The bush could not tell only sad tales, because we are instructed to be “ach sameach,” to be especially joyous, during Sukkot. It might weave a tale from its neighboring chasidic beit midrash that creates a tension of emotions, and of theme and place. It would challenge us to plumb the chasidic saying, “Mitzvah gedolah l’hiyot b’simchah,” that it is a great mitzvah to be in a state of joy — especially in the most adverse of conditions and even in this most terrible of places.

I would hope the bush would tell us about the person who planted it so many years ago. In my mind, it is the shammash, caretaker, of that beit midrash. (Is anyone still alive who knows this sexton’s name or whether he really existed?)

Through word pictures, the bush would help us see him take leftover willow branches, and nurse them so they would grow roots. We would accompany him as he stooped down to plant the branches in the dirt across the alley, as he would check on the bush regularly, and when necessary, water it. (Did his knees hurt when he bent over to plant the branches? Did he smile — even thank God — when he saw that some had taken firm root?)

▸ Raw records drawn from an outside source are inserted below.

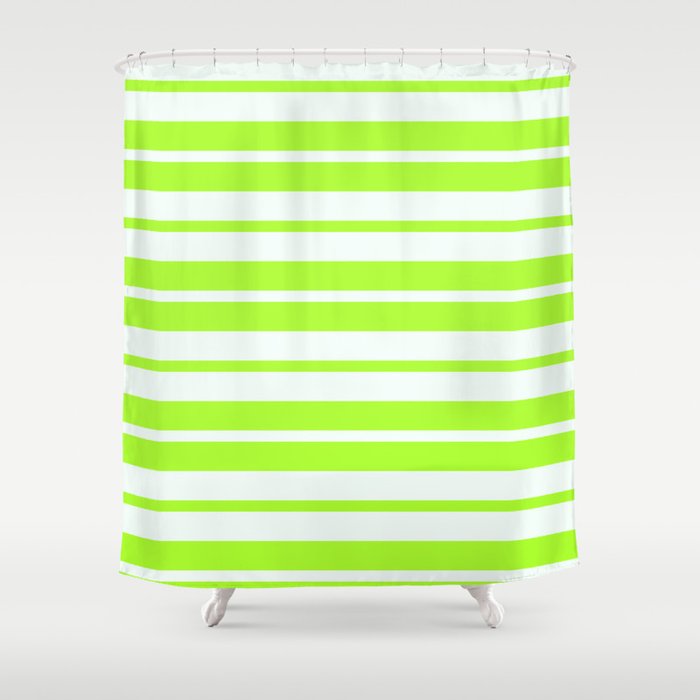 Light Green and Mint Cream Colored Stripes Pattern Shower Curtain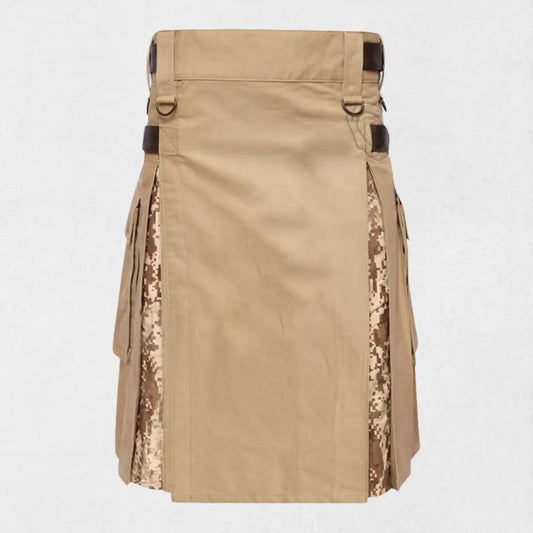 Premium handmade khaki camouflage hybrid kilt with digital pattern, featuring Kiltsstore branding.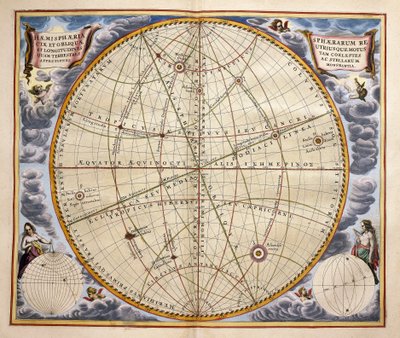 Baner av planeter og stjerner sett fra jorden, gravering fra Harmonia Macrocosmica, av Andreas Cellarius (1596-1665) av Andreas Cellarius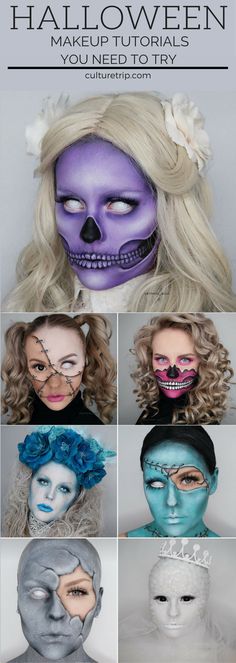 Halloween Make Up Tutorials You Need To Try Make Up Diy, Makeup Zombie, Drag Make-up, Alat Makeup, Make Up Tutorials, Special Fx Makeup, Halloween Makeup Tutorial, Halloween Tags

We would learn from the story that the shammash planted the bush to assure that there would always be aravot for Sukkot and Hoshana Rabbah for those who prayed in the beit midrash; how it was both his professional obligation and livelihood to do so; and how he needed the money he would make by selling them on Hoshana Rabbah to support his family.

The simple, personalized narrative would subtly remind us that everyday mundane challenges have their own special meaning, especially when they are transformed into higher, joyous, and spiritual acts. And that a bush doesn’t have to burn to be holy. It simply has to grow.

And if the bush really told the story honestly and completely, we would hear people across the alley grumble among themselves for having to pay the shammash a few cents for the wrapped branches. The story, like life, must be real to be effective.

Imagining the willow’s possible story transported me back to my father’s sukkah in Miami Beach, where I would watch him, also a gabbai/shammash of a synagogue, as he would sit every year binding together wet aravot into hoshanot for the members of his shul. He took special delight in wrapping each one just right with a piece of a palm frond, and not the quick way with a rubber band. The imagined story also took me to the shul where I could again hear the grumbling voices of the shul members.

So last year on Hoshana Rabbah in New Jersey, when I thought of Auschwitz — and smiled — it was not perverse. Time seemed to have come full circle, modifying and elevating meaning. Forgotten life lessons were re-learned. Miami Beach and a different kind of Auschwitz merged to generate a different kind of simcha, but a true simcha just the same.